Rosneft is one of Moscow’s energy champions, and also has the support of one of two major political factions in the Kremlin, led by Deputy Prime Minister Igor Sechin. Ever since Rosneft assimilated the broken pieces of former Russian energy company Yukos (with help from a $6 billion loan from China in 2004), it has depended on developing its Siberian potential in order to rise above its many competitors. ESPO is therefore crucial to Rosneft’s survival and success. Therefore, Rosneft wanted to secure the deal with China first so as to have a stepping stone to a broader Far East strategy.

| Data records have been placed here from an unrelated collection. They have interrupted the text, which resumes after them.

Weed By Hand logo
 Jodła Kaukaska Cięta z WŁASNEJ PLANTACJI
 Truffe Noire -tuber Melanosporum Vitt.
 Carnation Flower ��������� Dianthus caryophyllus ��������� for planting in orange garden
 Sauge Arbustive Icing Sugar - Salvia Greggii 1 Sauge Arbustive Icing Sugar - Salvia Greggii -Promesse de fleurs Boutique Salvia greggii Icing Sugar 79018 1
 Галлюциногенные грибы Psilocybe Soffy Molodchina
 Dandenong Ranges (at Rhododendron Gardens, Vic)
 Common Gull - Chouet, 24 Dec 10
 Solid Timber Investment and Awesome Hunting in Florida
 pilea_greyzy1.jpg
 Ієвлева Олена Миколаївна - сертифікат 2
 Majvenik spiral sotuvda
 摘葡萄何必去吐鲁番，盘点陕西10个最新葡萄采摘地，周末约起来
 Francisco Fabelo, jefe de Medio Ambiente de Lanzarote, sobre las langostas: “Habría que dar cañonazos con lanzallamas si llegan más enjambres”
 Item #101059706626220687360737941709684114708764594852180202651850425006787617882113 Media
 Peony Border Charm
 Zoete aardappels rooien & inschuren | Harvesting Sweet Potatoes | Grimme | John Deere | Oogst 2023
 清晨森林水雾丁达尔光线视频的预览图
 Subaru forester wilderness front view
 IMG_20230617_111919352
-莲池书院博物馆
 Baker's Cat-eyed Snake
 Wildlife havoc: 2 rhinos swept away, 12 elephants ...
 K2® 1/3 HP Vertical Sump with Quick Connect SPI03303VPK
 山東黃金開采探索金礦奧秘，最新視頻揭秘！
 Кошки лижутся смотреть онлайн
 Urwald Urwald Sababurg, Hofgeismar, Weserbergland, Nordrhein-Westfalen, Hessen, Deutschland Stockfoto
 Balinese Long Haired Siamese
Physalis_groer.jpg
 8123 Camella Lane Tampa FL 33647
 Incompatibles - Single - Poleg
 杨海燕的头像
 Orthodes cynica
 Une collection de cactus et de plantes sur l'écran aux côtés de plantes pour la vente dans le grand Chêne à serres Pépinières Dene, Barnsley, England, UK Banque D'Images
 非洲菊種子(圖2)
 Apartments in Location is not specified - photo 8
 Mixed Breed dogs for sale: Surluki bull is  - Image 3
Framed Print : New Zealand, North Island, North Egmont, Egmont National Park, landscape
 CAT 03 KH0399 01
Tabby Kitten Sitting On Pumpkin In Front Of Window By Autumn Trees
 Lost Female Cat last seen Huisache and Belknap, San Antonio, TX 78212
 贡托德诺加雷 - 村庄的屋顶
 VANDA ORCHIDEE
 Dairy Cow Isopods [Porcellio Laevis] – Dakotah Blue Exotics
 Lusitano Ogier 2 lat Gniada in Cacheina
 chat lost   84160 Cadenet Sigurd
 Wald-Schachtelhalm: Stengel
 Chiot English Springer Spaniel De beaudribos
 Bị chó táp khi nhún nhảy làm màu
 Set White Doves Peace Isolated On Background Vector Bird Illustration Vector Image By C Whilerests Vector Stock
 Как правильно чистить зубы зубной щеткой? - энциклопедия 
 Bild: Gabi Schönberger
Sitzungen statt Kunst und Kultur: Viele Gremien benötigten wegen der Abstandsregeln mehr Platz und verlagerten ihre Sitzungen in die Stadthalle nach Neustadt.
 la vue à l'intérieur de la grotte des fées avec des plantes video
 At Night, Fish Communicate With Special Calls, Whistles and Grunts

Negotiations on the Chinese deal were delayed. The Chinese were reluctant to sign an agreement while they had doubts about whether the Russian oil producer and pipeline builder could get along — specifically, China was waiting to see whether Rosneft would have the Kremlin’s support. Beijing also knew it had control of the purse strings; and given its inherent distrust of the Russians, it wanted to be sure that the agreement was fully to its liking — for instance, by insisting, against Putin’s demands, that the loan be made in U.S. dollars and not Russian rubles. China also wanted to make sure it did not need the cash to address any immediate problems at home due to the financial crisis.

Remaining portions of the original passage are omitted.